Fremd gebärden
Die Guides des Dialogs im Stillen haben einen gemeinsamen Aufenthaltsraum mit den Senioren Guides des Dialogs mit der Zeit. Zwischen den Führungen erleben wir, wie die Kollegen und Kolleginnen der Stille die Kopfhörer desinfizieren, ihre mails beantworten oder sich unterhalten. Manche von uns haben auch schon ein paar Gebärden gelernt, den eigenen Namen oder „Schönen Feierabend“, „Schönes Wochenende“ oder einfach „Tschüß“. Die deutsche Gebärdensprache (DGS) ist genauso komplex wie eine gesprochene Sprache. Sie hat eine eigene Grammatik, die sich grundsätzlich von der deutschen Schrift- und Lautsprache unterscheidet, und ist natürlich entstanden. Die deutsche Akademia hat sich lange schwer getan, die DGS als vollwertige Sprache anzuerkennen. Die Gehörlosen mussten bis 2002 darauf warten. Nun heißt das aber nicht, dass die Gebärdensprache in ganz Deutschland gleich gebärdet wird. Tatsächlich sind die Dialekte genauso unterschiedlich wie in der gesprochenen Sprache. Auch da verstehen sich die Nordfriesen und die Bayern durchaus nicht immer.

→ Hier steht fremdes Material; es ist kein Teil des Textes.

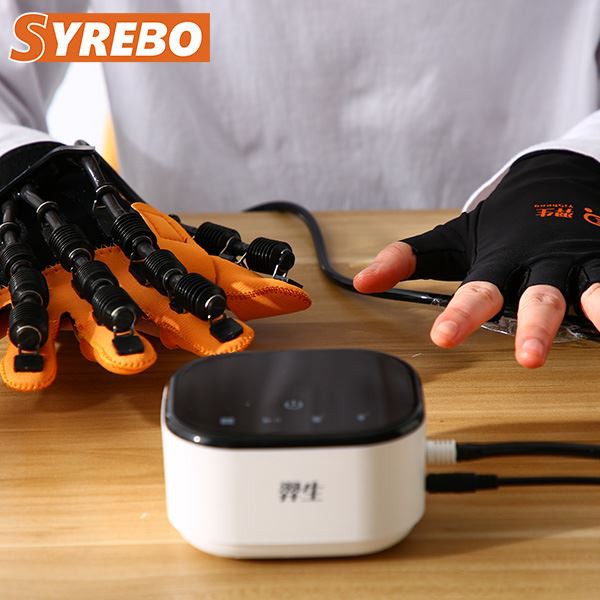 Robot Pemulihan Tangan
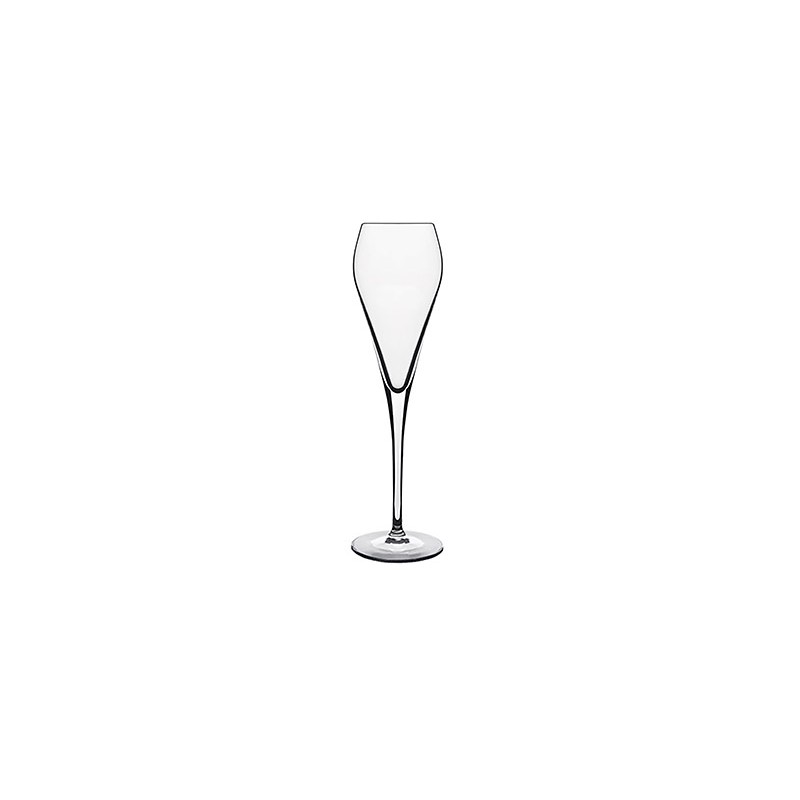 Flûte à champagne super prosecco 20cl. Paques SA votre spécialiste de la vente de matériel horeca & cuisine sur Liège et toute l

Noch komplizierter ist die Verständigung mit Gebärdensprachlern anderer Nationen. Wie in der DGS hat sich in jedem Land eine eigene Gebärdensprache entwickelt, die auch jeweils Dialekte hervorgebracht hat. Die Verständigung zwischen Neuseeländern und Deutschen z. B. hängt einfach davon ab, ob man die Sprache des anderen kennt. Das ist in der Gebärdensprache genauso wie in der Lautsprache. Gebärdensprachler in Neuseeland haben allerdings noch einen großen Vorteil. Seit 2006 ist die Neuseeländische Gebärdensprache (NZSL – New Zealand Sign Language) eine offizielle Amtssprache neben Englisch und Maori. Sie wird von etwa 24.000 Menschen gesprochen. Bereits 1981 wurde die schwedische Gebärdensprache als Minderheitensprache anerkannt. An der kalifornischen Universität San Diego arbeiten Forscher an einem smarten Handschuh, der die Buchstaben der Gebärdensprache in Text übersetzt. Der kann dann via Handy gelesen werden. Die Tests laufen seit 2017. Der Handschuh übersetzt jetzt schon alle 26 Buchstaben der amerikanischen Gebärdensprache, American Sign Language (ASL). Das wird den Dialog mit denjenigen, die nur Lautsprache sprechen, vereinfachen.
Hoffentlich werden trotzdem viele Menschen lernen, die natürliche Sprache unserer gehörlosen Kollegen zu sprechen.